Aletta menggeleng. "Ku pesankan Espresso saja, ya?"
"Americano saja," ujar Tissa menatap Aletta dengan mata berbinar. Mulutnya itu berbeda dengan tatapannya.
"Sudah ku pesankan Espresso." Aletta menunjukkan ponselnya. "Pesanan atas nama Tissa, ya. Sudah ku bayar juga."
Tissa langsung memeluk Aletta dan menghujaninya dengan ciuman di rambut. "Aku sayang kamu, Ale. Terima kasih. Kamu penyelamatku di hari Senin. Semoga harimu selalu weekend."
"Astaga... baiklah-baiklah. Omong-omong, ke mana yang lain?" tanya Aletta yang pasrah dipeluk dan dihujani ciuman.
"Oh." Tissa menjauhkan diri dari Aletta, kemudian duduk lagi. "Mereka pasti telat."

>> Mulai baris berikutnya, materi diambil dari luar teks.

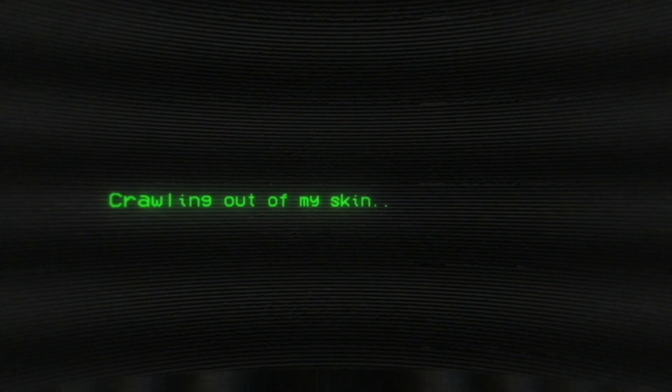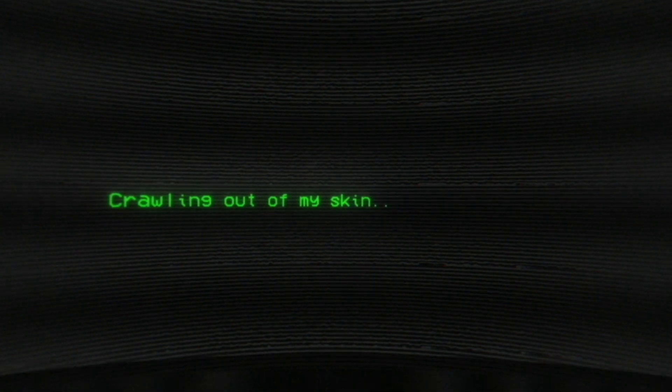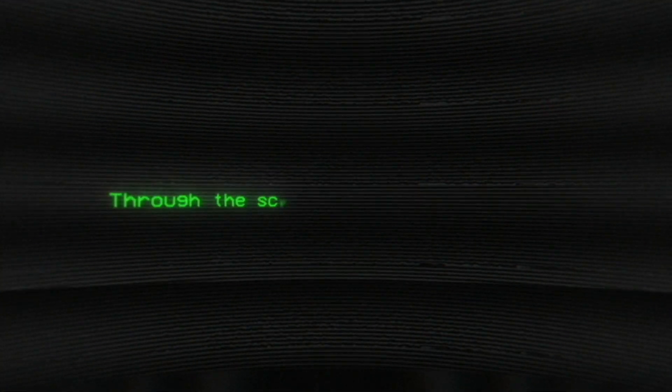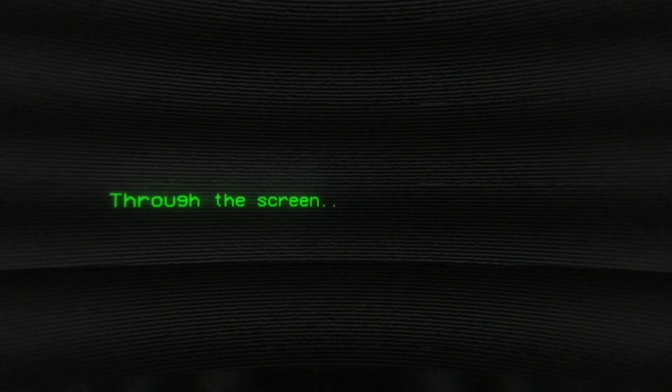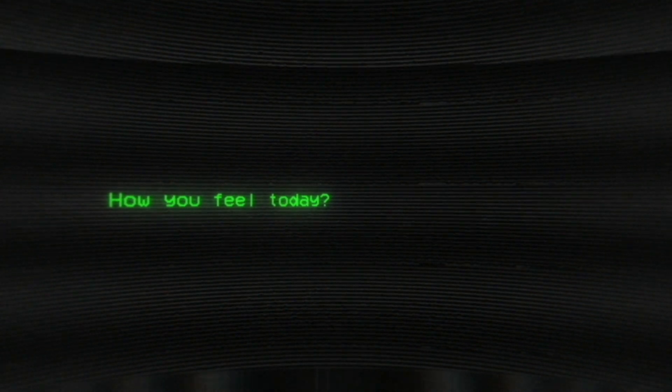Falling out of my skin, they see me through the screen. Nothing really matters. Could you tell me now how you feel today?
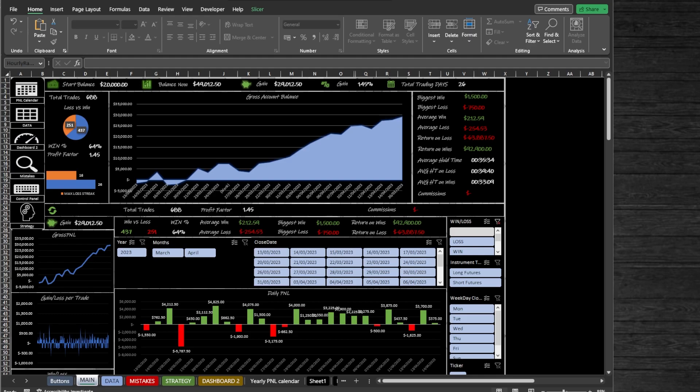Hey guys, I want to introduce to you a NinjaTrader trade tracking journal spreadsheet. With the help of this spreadsheet, you can track all of your backtesting and playback trades in one place.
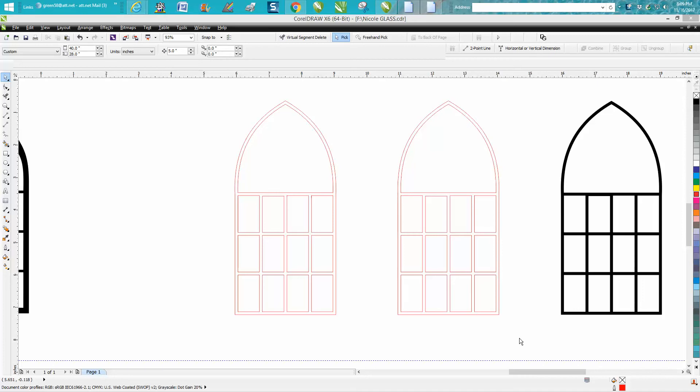Hi, it's me again with CorelDraw tips and tricks. This is the second part on what I called a window arch. If you haven't watched the first part, you might want to back up and watch it because we got to this part.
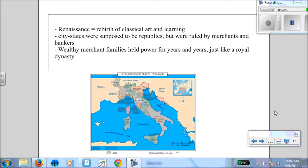Almost kind of like an early mob, but not as violent, you could say. So this is what's going on — we have all these powerful, interconnected city-states in Italy.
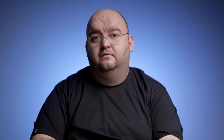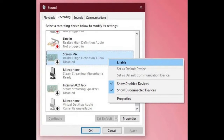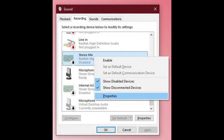This is also easy to do in Windows 10. Here's how. Right-click on the speaker icon in the notification tray and then select Sounds. Select the Recording tab. Now look for something called Stereo Mix. Right-click on it and select Enable if it isn't already.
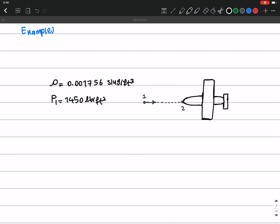In this lecture, we are going to solve some examples for the Bernoulli equation and define some specific kinds of problems that can be solved using these Bernoulli equations, such as sluice gates and crested weirs.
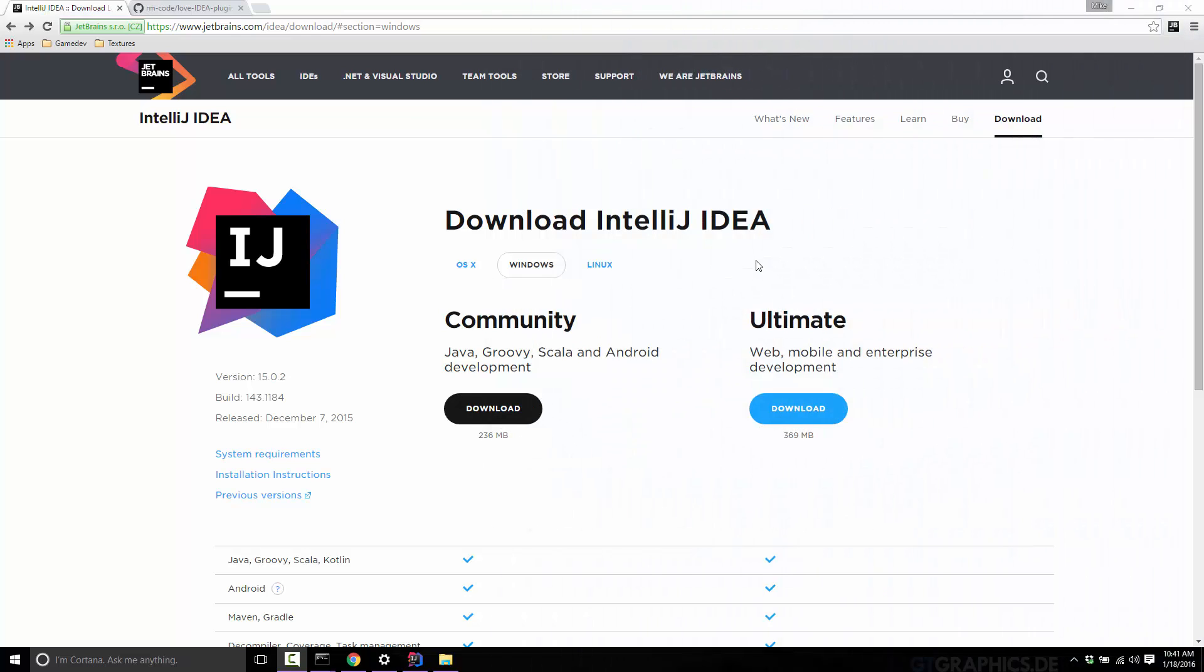Hello, this is Mike at Gay From Scratch. Welcome to a quick tutorial on setting up IntelliJ for Lua or Love 2D development.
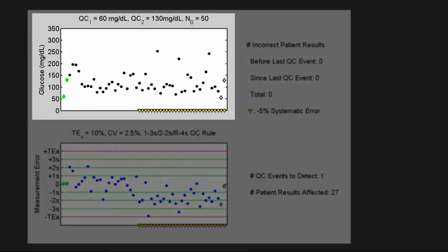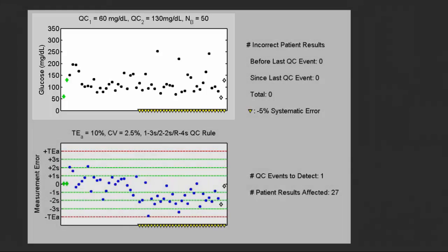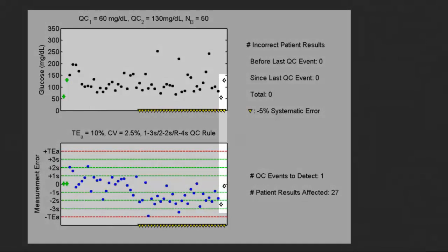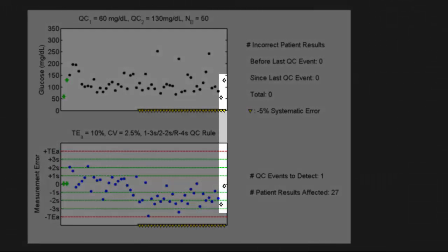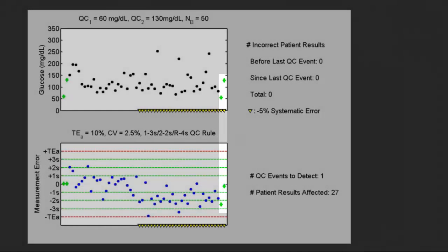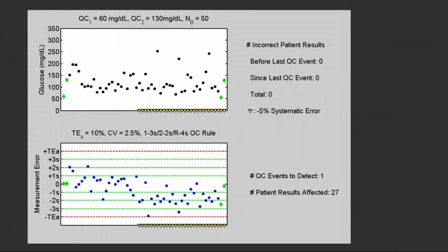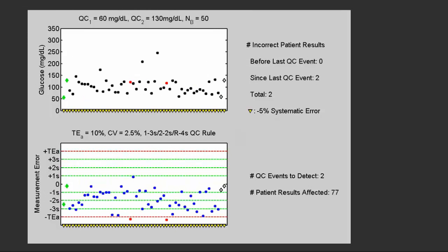However, if we look at the actual glucose results, it's not at all apparent that a shift has occurred. Here we see our next two QC's: one is between two and three SDs below its target and the other is almost at its target. So the QC rule isn't going to be violated. Therefore we continue to produce results that are adversely affected by this out-of-control condition.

"Aku bertemu dengan Adnan tadi." Aletta menunjukkan kartu pekerja milik Adnan. "Dia minta tolong untuk titip presensi."
"Oh, berarti sebentar lagi dia akan datang. Kalau Jojo yang menitipkannya padamu, jangan mau. Dia pasti kabur," kata Tissa memperingatinya.
"Selamat pagi!" seru seseorang yang baru masuk dan membuat keduanya menoleh.
Itu Mbak Sisi yang hari ini memakai outfit santai. Jauh berbeda dengan hari-hari biasa.
"Pagi, Mbak!" balas Aletta dan Tissa bersamaan.
"Tis, tolong cek email yang sudah ku kirim." Sisi mengedipkan mata pada Tissa yang langsung menyandarkan tubuh sembari mengembuskan napas pasrah.
"Ale, kamu ke ruangan ku."
"Sekarang, Mbak?" tanya Aletta yang sudah mengambil ancang-ancang untuk mengikuti Sisi yang hendak masuk ke ruangan.
"Nanti, kalau sudah jam delapan."
07.54 WIB. Masih ada enam menit sebelum jam masuk kerja.
"Baik, Mbak." Gadis yang memakai turtleneck warna cream itu pun mengangguk.